Saturday, November 3, 2012

A Natural Emptiness

I did my best to stay "off the grill" today.  I need the low key weekend and so far it has been pretty good. I stayed up late last night reading "The Cloud Atlas", slept well and woke refreshed. I watched "Fringe" and "Haven", then met Tony and Ty for breakfast at the Hickory Pit. I did a walk through at Fry's, then home for a while. I met Richard for lunch at Pacific Catch over at the Pruneyard.  After that, a few quick errands and then home again.

I will say one thing about the level of work and personal currents running now - they have inspired many vivid but half-remembered dreams as my subconscious stirs around. Today, when I woke up, and then at various times through the day, I thought about the metaphorical boxes that I find myself in as I move through my ordinary days.  The power of habit is a powerful thing.  Our lives are infused with a hundred habits, from the simple to the complex and then back again. Somewhere in there, underneath that layer of habits, is our true self.
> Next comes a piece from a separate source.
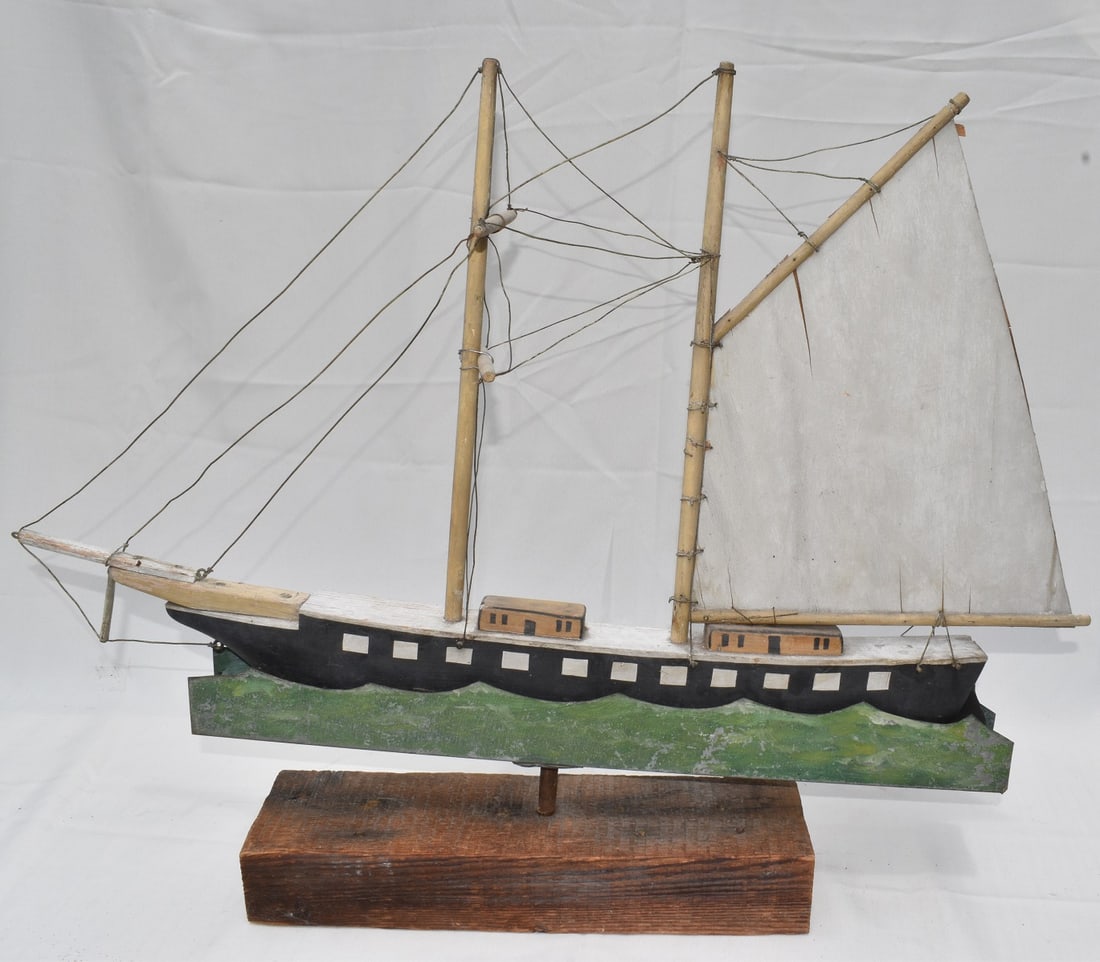 FOLK ART CARVED/PAINTED SAILING SHIP, 19/20TH C., (1 of 10)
That search for the true self is the quest that can consume our days, if we have the courage to undertake it. Sometimes I think I have that courage, but then other times I don't think that I do. As we go through life, life inspires us and wounds us in equal measure.  Each event, each inspiration, each wound, is a thread on the tapestry of our life. Our life is not a single thread, not a wound, not an inspiration, but rather it is the sum total of all of that. Often, we cannot see the full sweep of the tapestry unless we find some way to take a step back, to get a little distance.  To do that, we have to go off the grill, we have to fnd a place of stillness from which we can observe, from which we can experience.

It's a little after nine o'clock PM here right now, I am sitting on my chair in my living room, everything turned off except a single light and my laptop.  I close my eyes and I can hear the sounds of traffic in the distance, through the open patio doors, the quiet rush of the freeway a mile or so away. The clock on the kitchen wall ticks loudly in the stillness.  The sound of my fingers on the keys is a distinctive rattle and click.  There is a distance conversation from the courtyard, but distance enough that I hear the murmur of voices but cannot make out the words. It's a beautiful moment all in all.  Simple and still. There is an emptiness within me, but it seems as if it is the emptiness that should be there. A natural emptiness.